Though additional projects across the district are still being considered following a lengthy facilities review, school officials and project consultants from Tetra Tech and BBL Construction assured the public that a $22-million cap would ensure the local tax levy is not impacted.
“The overriding theme has been facilities preservation,” Bouffard explained. “It’s important work that’s got to get done to make sure that you have safe and useful facilities, How do we get it done in the most fiscally responsible manner that has the most benefit for the district and everybody else?”
Several of the items identified in the proposal are related to the Americans With Disabilities Act of 1990. The high school will require a new wheelchair-friendly entrance to the home economics suite The junior high school will replaces door hardware, including doorknobs that were donated used by IBM in the 1990s.
There will be roofing repair and replacement projects at nearly every building, masonry and exterior work, sewer-pit and pump-feed repairs, water-main improvement, electrical work and ceiling-tile replacement. A boiler at Morse is so old, Bouffard said, that it’s almost impossible to find replacement parts. Inefficiencies in every building in the district are costing money, he added.
Most of the gyms in the district are also getting some sort of attention, most notably the high-school gymnasium, which would have its original stackable wooden bleachers replaced. Original mechanized folding partitions would be replaced by modern manually operated curtains. A protective netting alongside the soccer and lacrosse fields on the high-school campus will prevent errant balls from entering the bus circle.

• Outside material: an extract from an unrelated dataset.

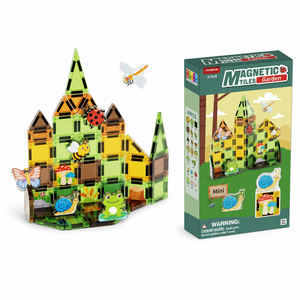 XINBIDA Ensemble de 48 tuiles magnétiques de jardin, blocs de construction 3D pour jardin <span class=keywords><strong>secret</strong></span> à surface plane avec abeille, jouet éducatif STEM, cadeau - Product Image 2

Superintendent Kirk Reinhardt said that when he was hired last year he was told that the end of the debt this year from a 2005-06 facilities project was an opportune time to get started on another districtwide plan. “We have debt service that is coming off from our previous project, and that keeps us at a neutral tax impact going forward,” Reinhardt explained. “It’s a tough time, but we have to preserve our buildings. A capital project is the most efficient and economic way to get work done because of our state-aid ratio.”

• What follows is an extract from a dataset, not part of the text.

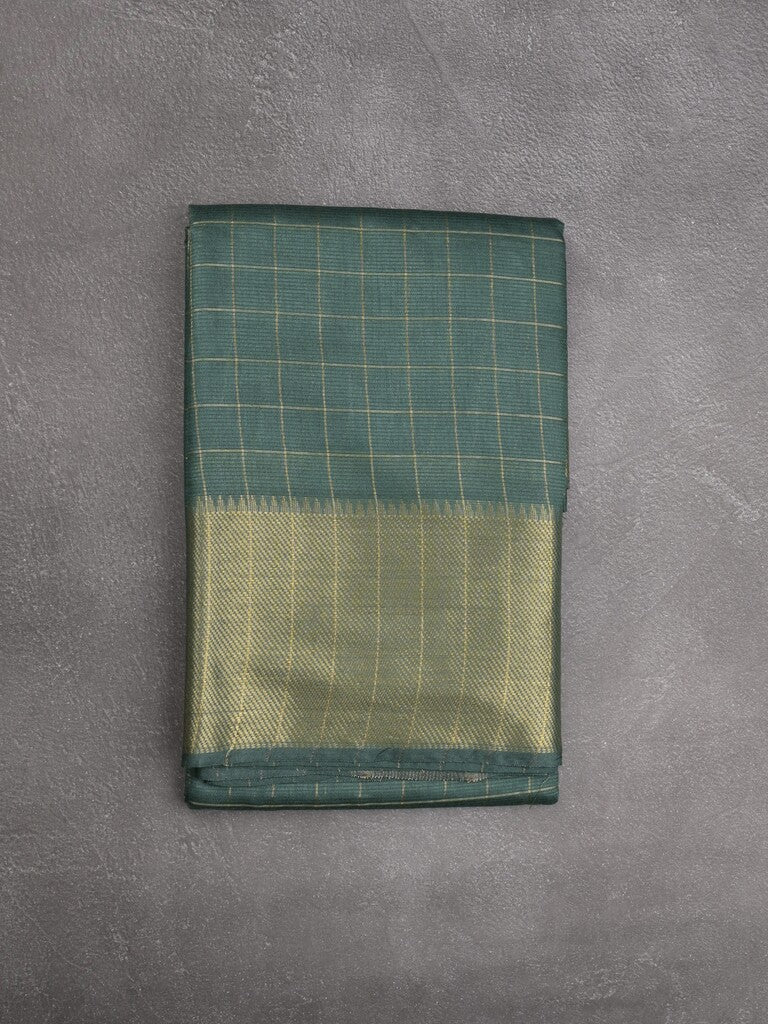 Bhagalpur fancy saree allover checks and zari border with self pallu and attached blouse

The district receives roughly 66 percent in state building aid for approved projects. The remainder in this proposal is covered by retiring debt and capital reserves.
“Doing this project at this time would keep the tax levy stable,” said Jane St. Amour, the district’s business manager. The hits to regular state education aid resulting from the Covid-19 pandemic and its economic fallout are not expected to affect facilities improvement aid. “The state building aid hasn’t changed for this district for a few years,” she reported. “But it’s based on the wealth of districts throughout the state, and a lot would have to change.”
There is still work to be done on the proposal before it goes to referendum on Tuesday, December 15. Details are still being added to the plan, and the plan has yet to be approved by the school board. A SEQRA (State Environmental Quality Review Act) determination also has to pass,
Should the public give their approval in December, the project is then polished and presented to the State Education Department for its consent, Construction could start as early as the summer of 2021, though would more likely begin some time in 2022. The project would likely be completed by the end of the summer of 2023, though could extend into 2024.
“That’s a pretty sizable project,” Bouffard said. “And it really lets the most critical work in the district start to happen.”